◆ **Activity**
The required output is the exact text of the lines from the line containing "Mercedes-Benz GLA view 2" through the final line below, inclusive, without pictures.

(Image-text web data)
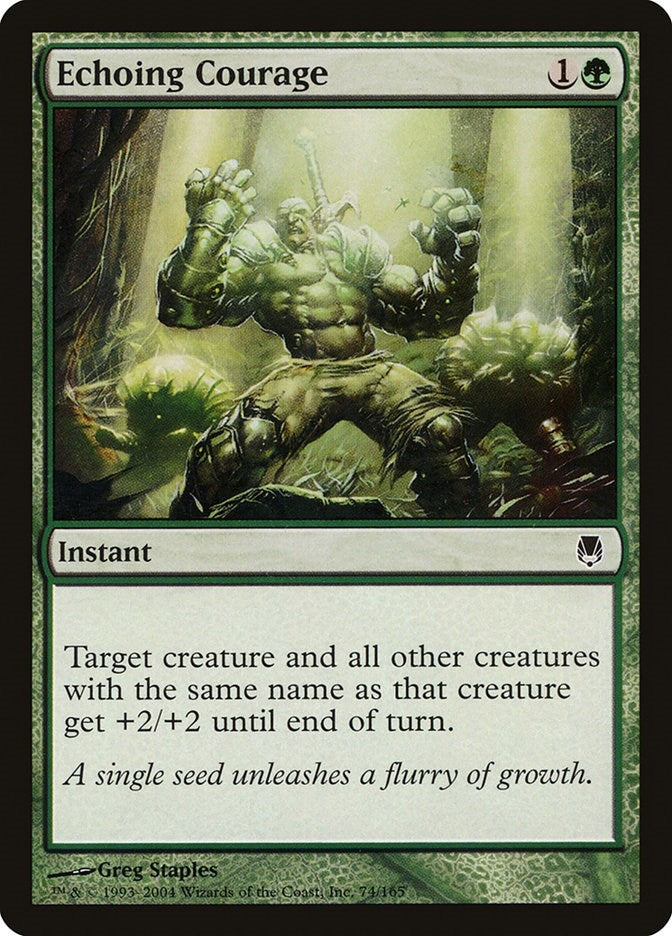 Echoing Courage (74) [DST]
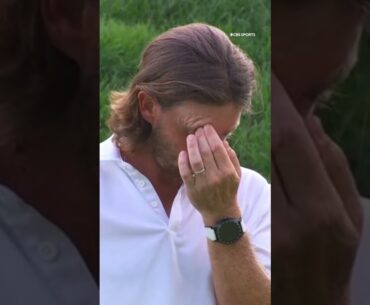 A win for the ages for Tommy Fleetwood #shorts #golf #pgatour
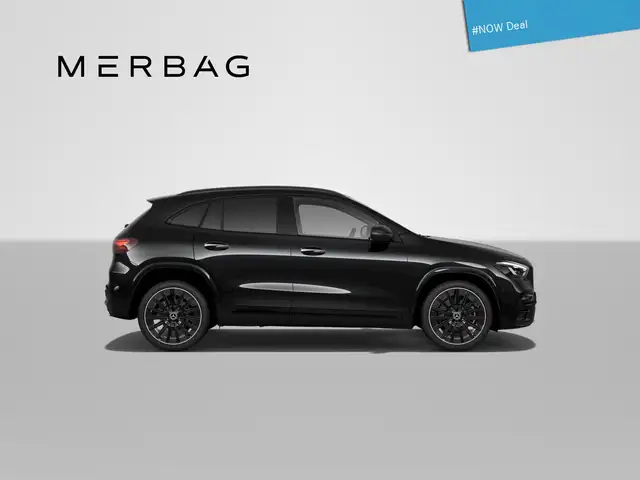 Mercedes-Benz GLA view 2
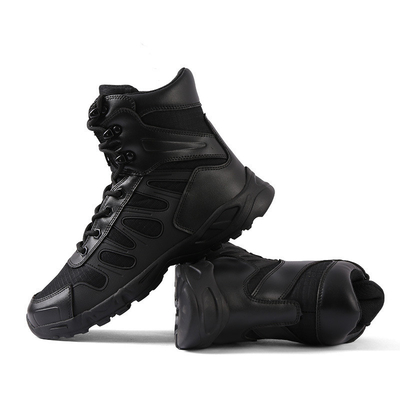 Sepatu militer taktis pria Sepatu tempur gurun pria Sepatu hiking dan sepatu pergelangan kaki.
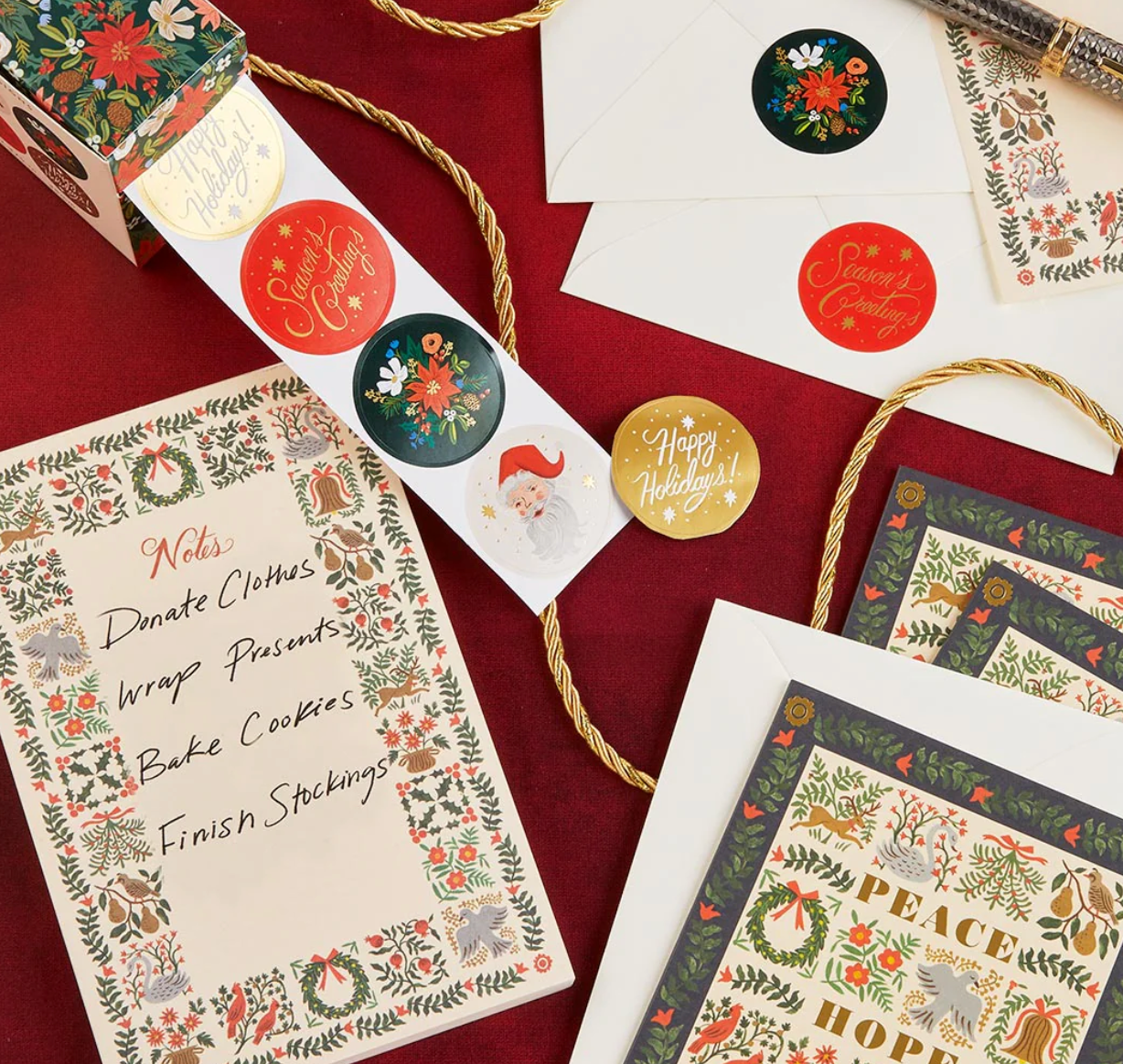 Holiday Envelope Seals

◆ **Response**
 Mercedes-Benz GLA view 2
 Sepatu militer taktis pria Sepatu tempur gurun pria Sepatu hiking dan sepatu pergelangan kaki.
 Holiday Envelope Seals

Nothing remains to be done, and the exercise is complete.